## Task to carry out
A verbatim copy of the listing is what is needed, minus any pictures.

## Records to process
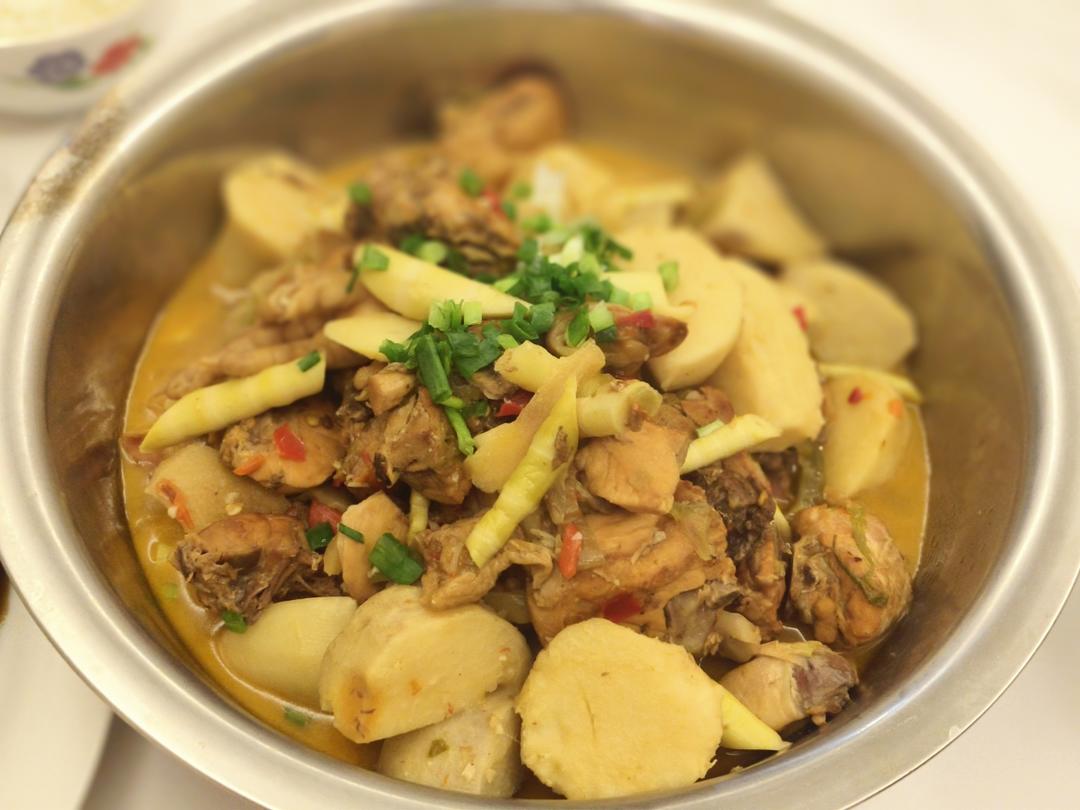 泡椒系列之家庭版酸辣芋儿笋子鸡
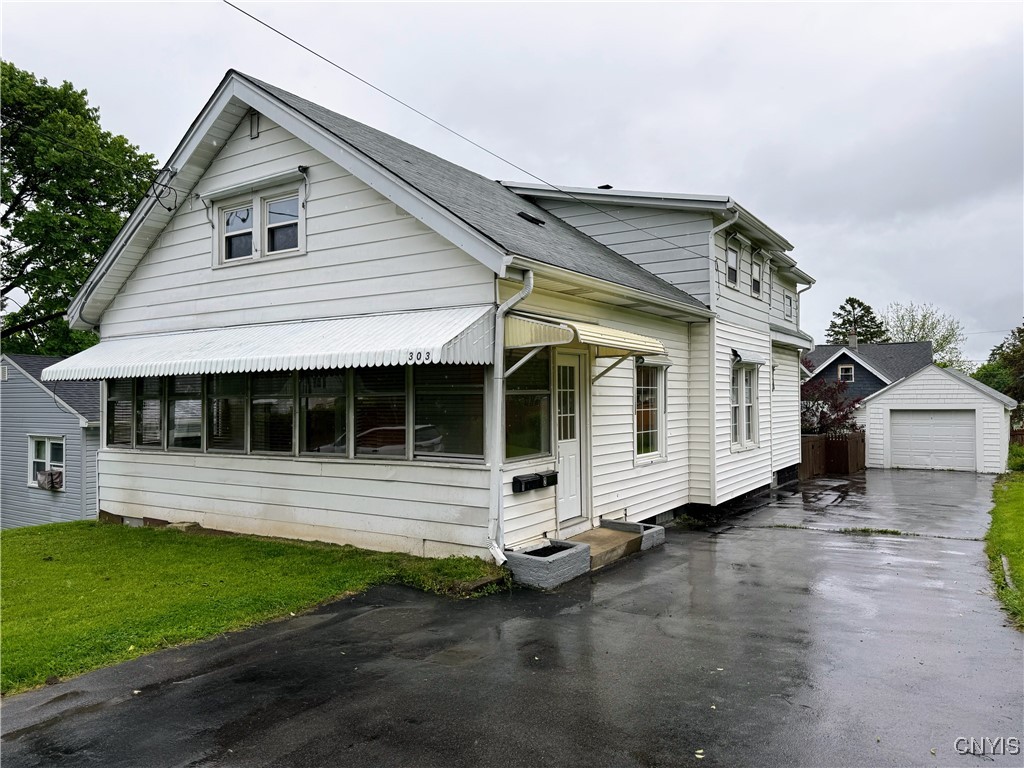 303 Darlington Road East
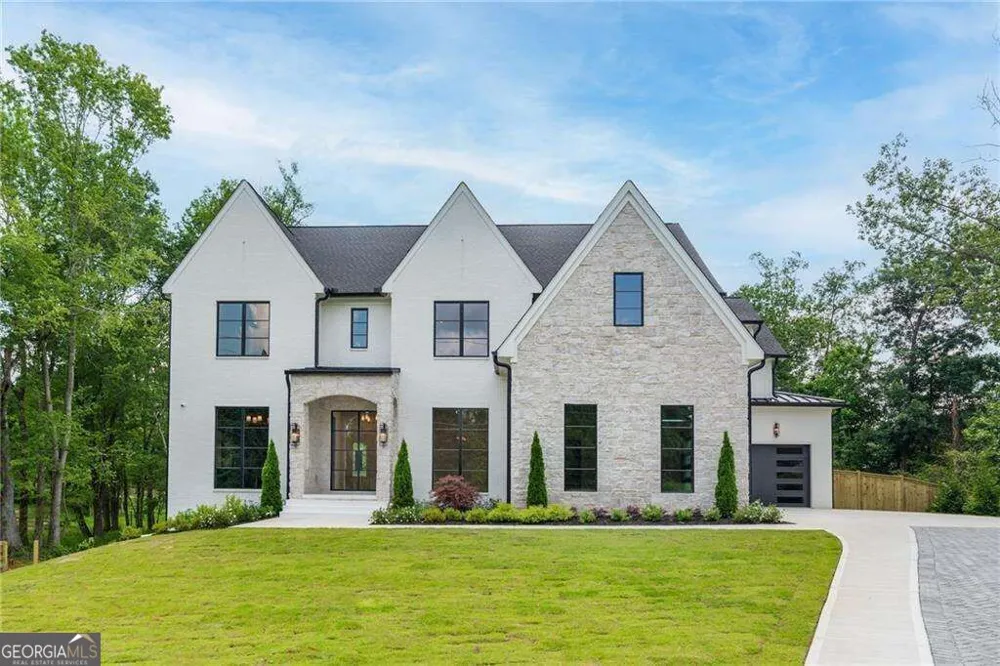 290 Christopher Robin Road Alpharetta, GA 30005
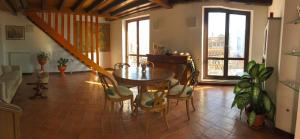 jadalnia z drewnianym stołem i krzesłami w obiekcie BB Il Re Alla Reginella Guest House w Rzymie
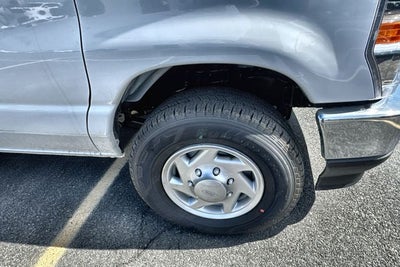 2025 Ford E-350SD Base Cutaway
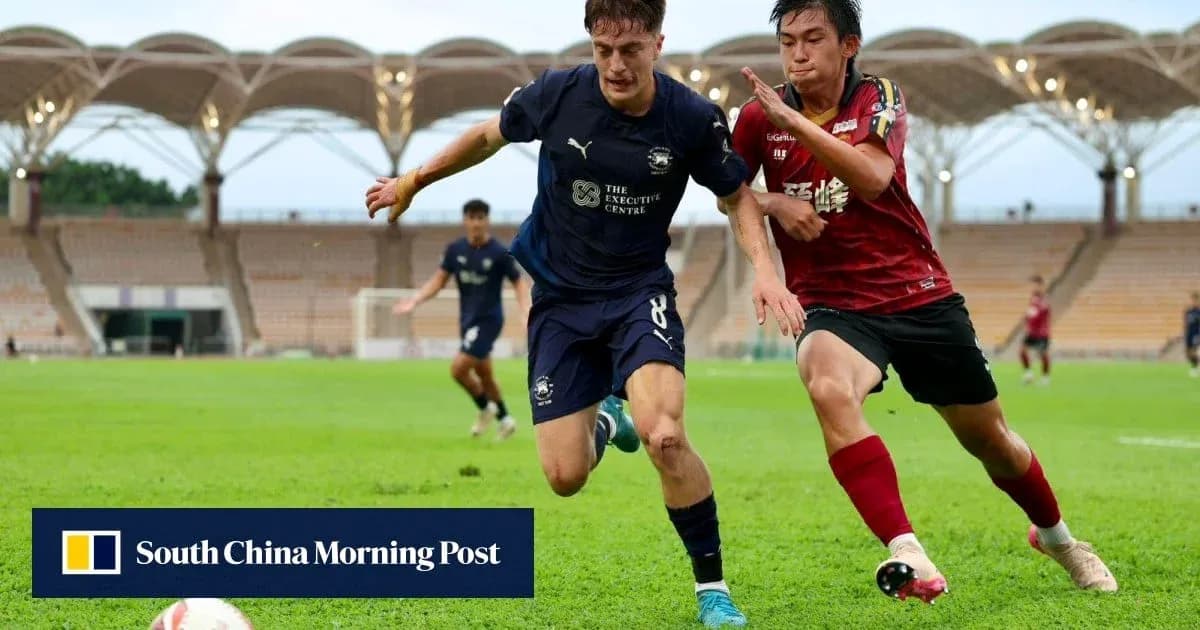 Jugadores compitiendo por el balón en el campo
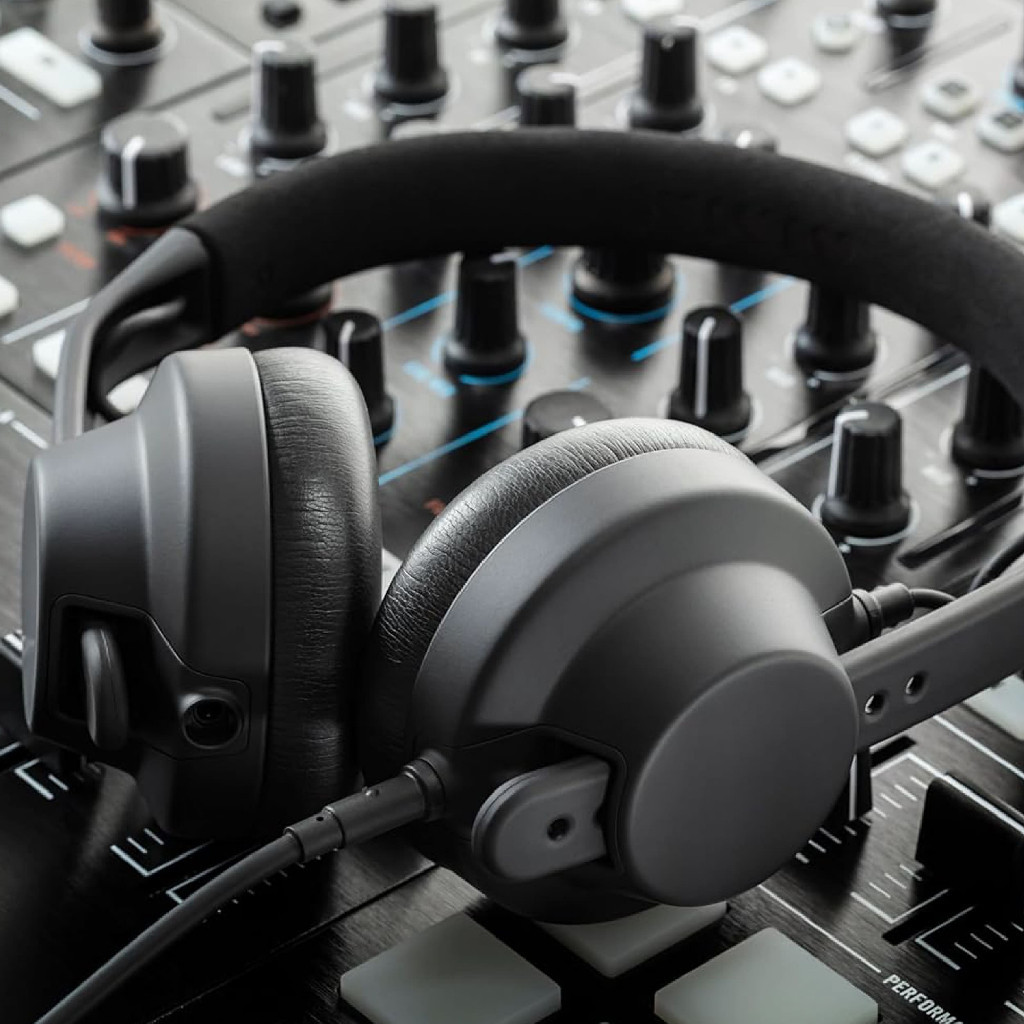tma TMA-2 DJ หูฟังครอบหู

## Answer box
 泡椒系列之家庭版酸辣芋儿笋子鸡
 303 Darlington Road East
 290 Christopher Robin Road Alpharetta, GA 30005
 jadalnia z drewnianym stołem i krzesłami w obiekcie BB Il Re Alla Reginella Guest House w Rzymie
 2025 Ford E-350SD Base Cutaway
 Jugadores compitiendo por el balón en el campo
tma TMA-2 DJ หูฟังครอบหู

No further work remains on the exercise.